Will New Reading Homes Be Suitable For Disabled People?

In the midst of a widely acknowledged housing crisis across the UK, it can be easy to ignore the specific needs of the disabled. It may be that the number of homes can be increased substantially, but with an ageing population, the need for more mobility facilities might not keep pace.

This is why questions may reasonably be asked whenever there are major new housing projects in the offing, but little or no mention of the needs of older and disabled people. Just as issues of sustainability, affordability or family-friendliness or are legitimate concerns, so too will be the needs of those who have disabilities.

Reading has been in the news this week over a series of major new housing developments that could have a major impact on the town.
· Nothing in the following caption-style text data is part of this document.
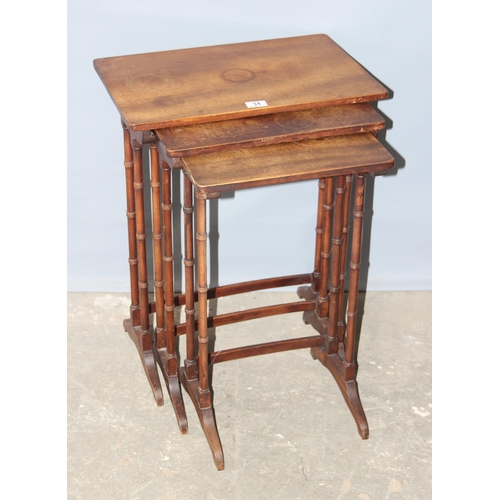 34 - An early 20th century nest of tables with bamboo effect legs, the largest table approx 51cm wide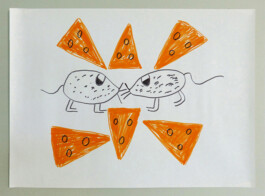 Zeichnung von zwei Mäusen zwischen Käseecken.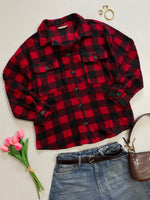 Load image into Gallery viewer, Pink Rose Thick Flannel Shacket - Bust 46
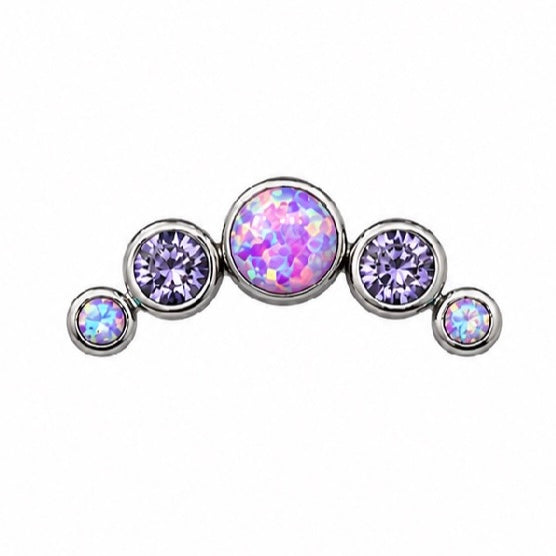 Initial Piercing - Titanium Opal & CZ Arch Labret | Flat Back Jewellery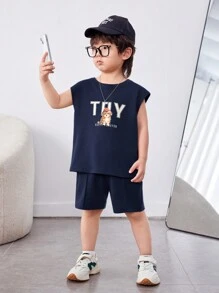 SHEIN Ensemble 2 pièces en tricot pour jeune garçon, style coréen décontracté, avec haut à imprimé animal et lettres, et short unicolore avec poche - Bleu marine - Voir 3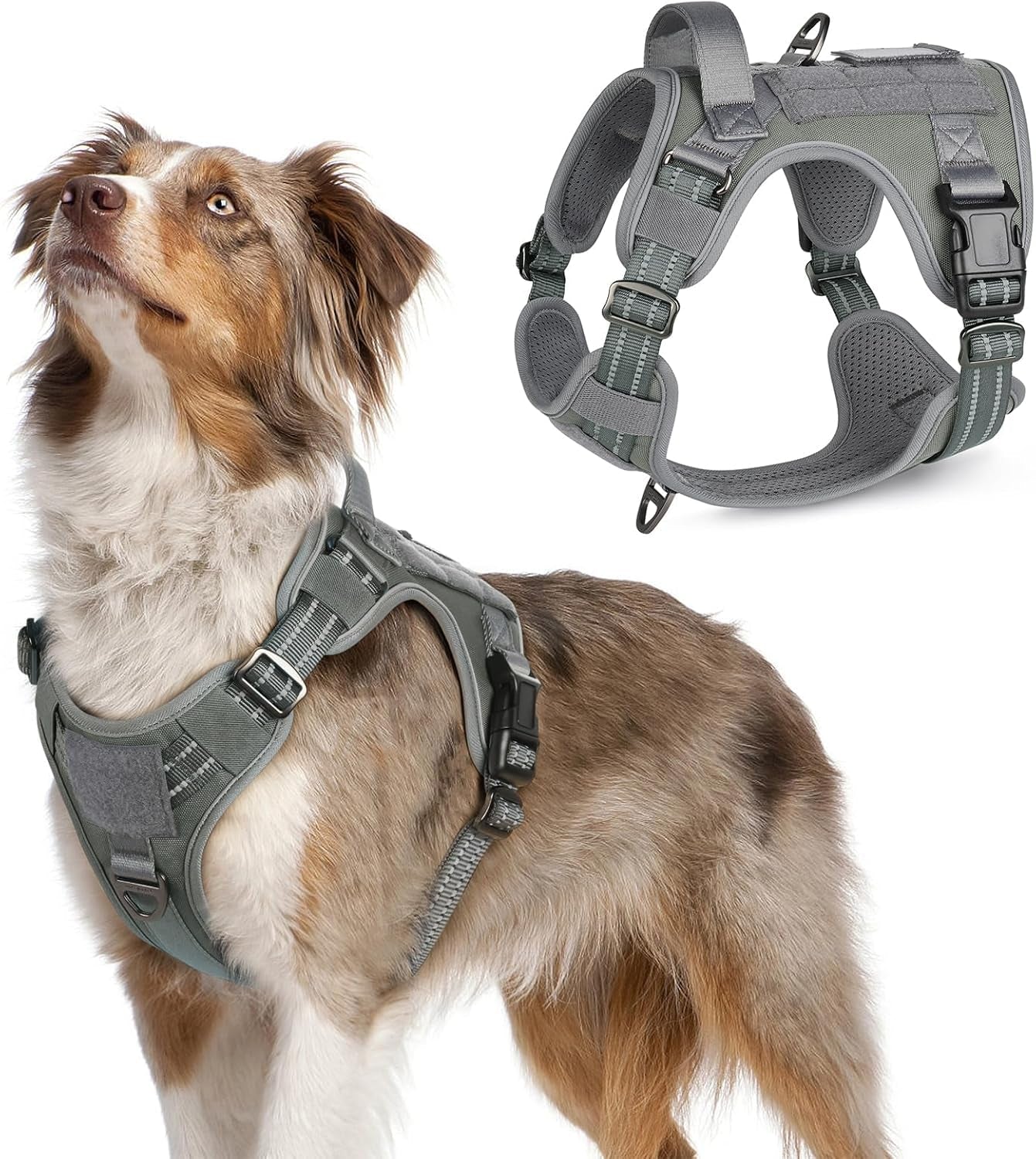 No Pull Tactical Dog Harness Molle Vest Adjustable Medium Large Dogs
According to Get Reading, the trio of projects at Weldale Street, Station Hill and Huntley Wharf will transform the look of the area. However, not unlike many major residential projects of recent years, these consist mainly of town centre apartments; Images show the kind of modern multi-storey brick blocks that have appeared in towns and cities across the land. 

Another significant housing development is envisioned for the old Reading Golf Course. As the Reading Chronicle notes, a previous plan for 257 homes on the site proved extremely unpopular and was rejected after 3,000 objections were received, but a revised blueprint proposes 223 properties instead.

However, if anyone was looking for signs that this plan would bring a major increase in the number of accessible kitchens in Reading, there are none to see. The draft proposals in the Virtual Exhibition produced by developer Fairfax talk about the number of affordable homes, issues of green space and drainage, but not about facilities for the old or disabled.

Age UK has previously called for more new homes to be made suitable for older people, who will be more likely to suffer disabilities. Some may ask whether this is happening in Reading.

The Fairfax exhibition noted that the council’s target for new homes is 15,847 by 2036. If these are not built with the future needs of an ageing population in mind, the need for retrofitting with mobility aids will be extensive.

All this is happening at a time when Reading’s development should be boosted further by the opening of Crossrail next year, providing a fast new link to London.

The good news is that Crossrail itself will be great for disabled people as all its stations will have step-free access, and when they reach the capital they will also enjoy increasing accessibility.  Last week London Underground confirmed the completion of step-free access at Osterley station on the northern line, making it the 89th on the network, and the figure will rise to 91 by the end of the year.

Clearly, the transport sector has got the message. The question is whether the housing sector has done likewise. As it stands, it appears those travelling on Crossrail from the new homes in Reading may include some who will need extra work on their homes to ensure they meet their mobility needs.